(Caption-style text data)
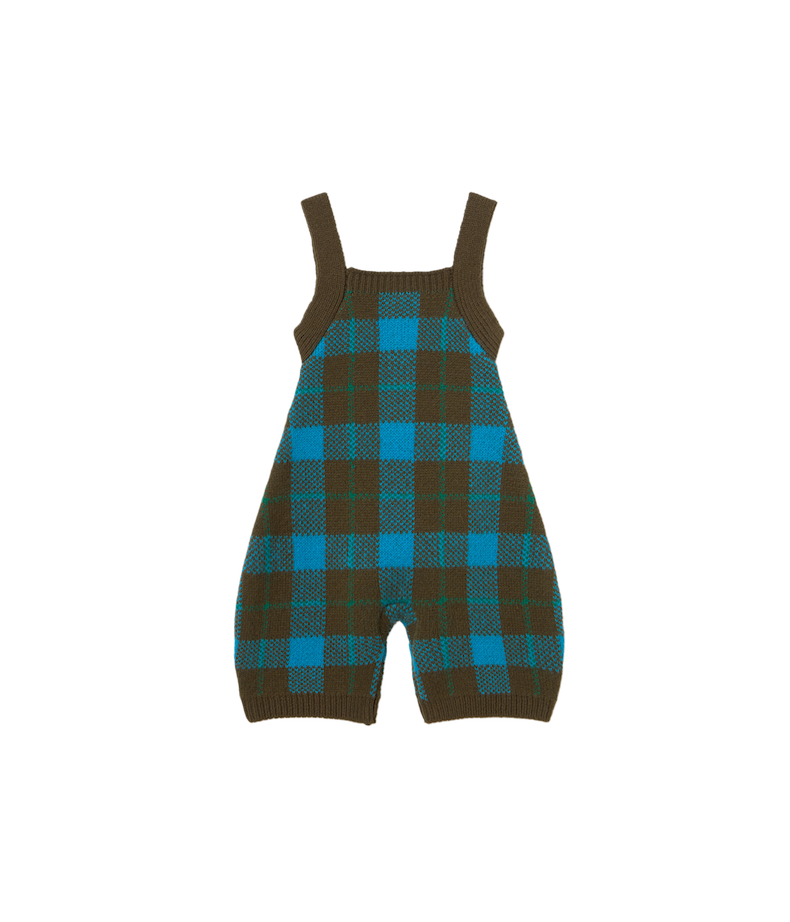 dingaree_aw26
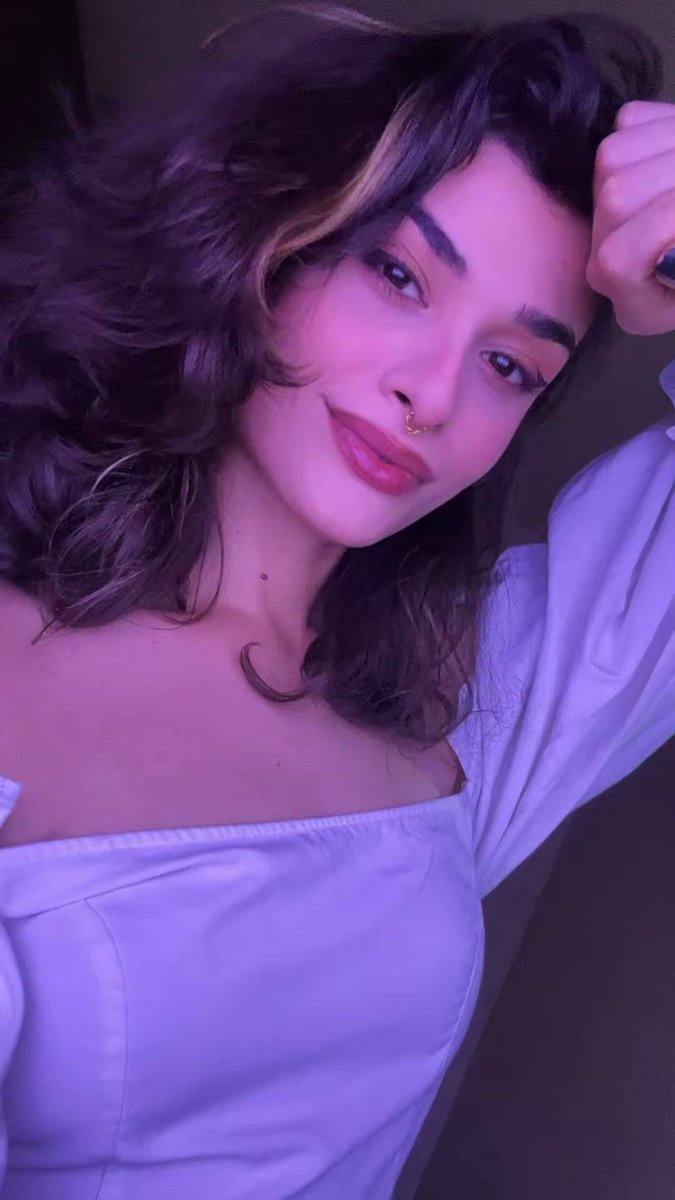 TS KAT 🏳️⚧️🐰 tweet media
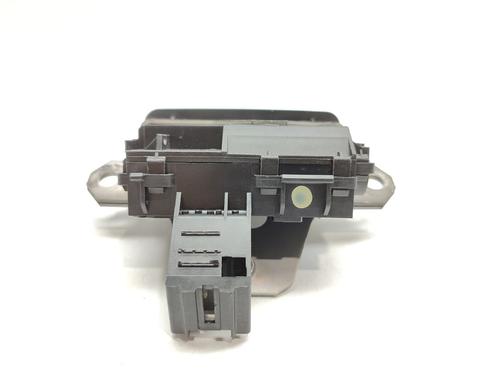 Tailgate lock FORD KUGA I  | BP17712922C101 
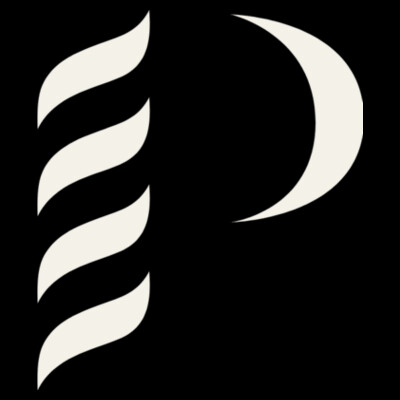 Icon Crew Femme Design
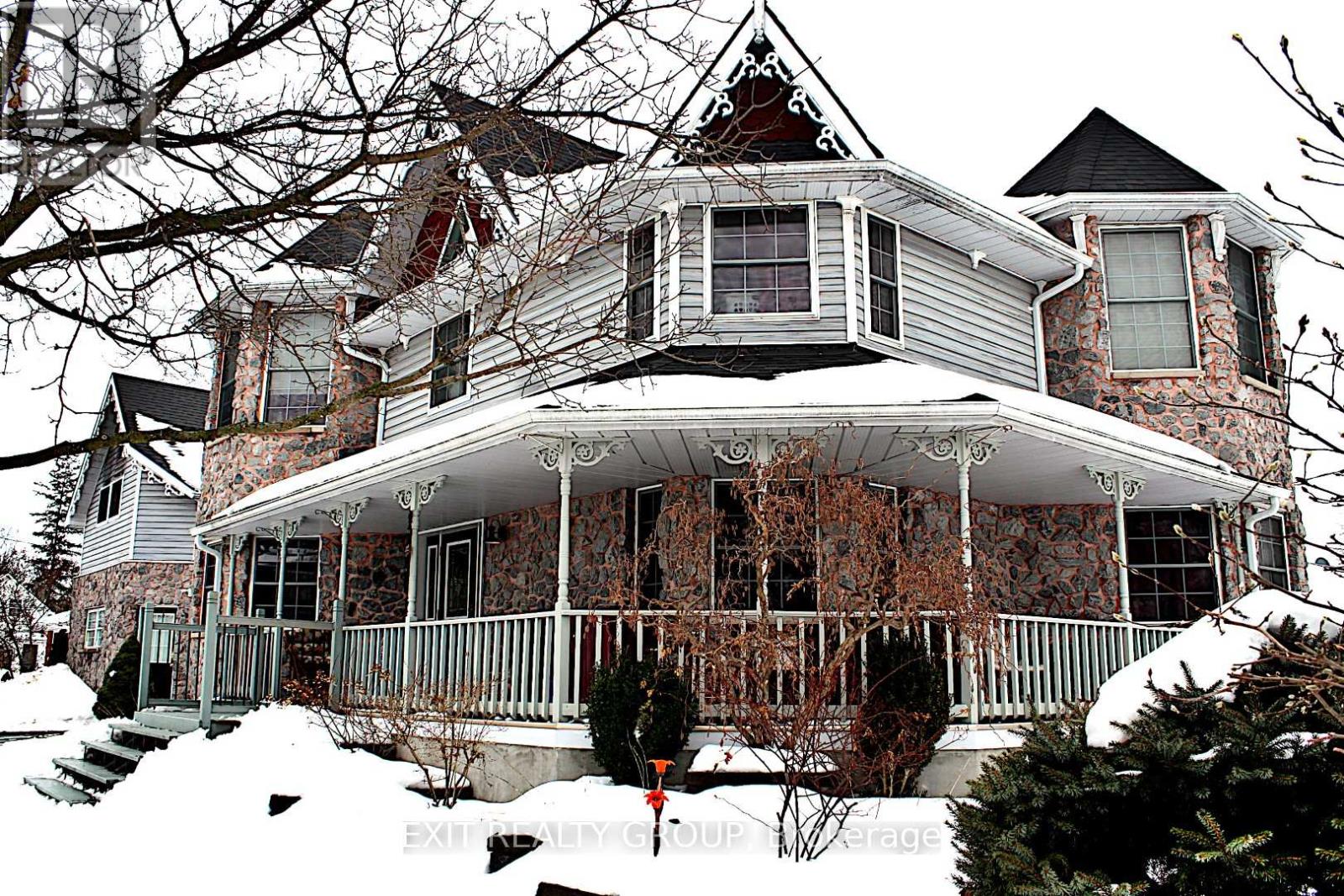 189 Church Street, Stirling-Rawdon, Ontario  K0K 3E0 - Photo 2 - X12807368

== Exercise prompt ==
A faithful copy is needed of the lines from the one containing "TS KAT 🏳️⚧️🐰 tweet media" through the last line of the data above, with pictures left out.

== Written response ==
 TS KAT 🏳️⚧️🐰 tweet media
 Tailgate lock FORD KUGA I  | BP17712922C101 
 Icon Crew Femme Design
 189 Church Street, Stirling-Rawdon, Ontario  K0K 3E0 - Photo 2 - X12807368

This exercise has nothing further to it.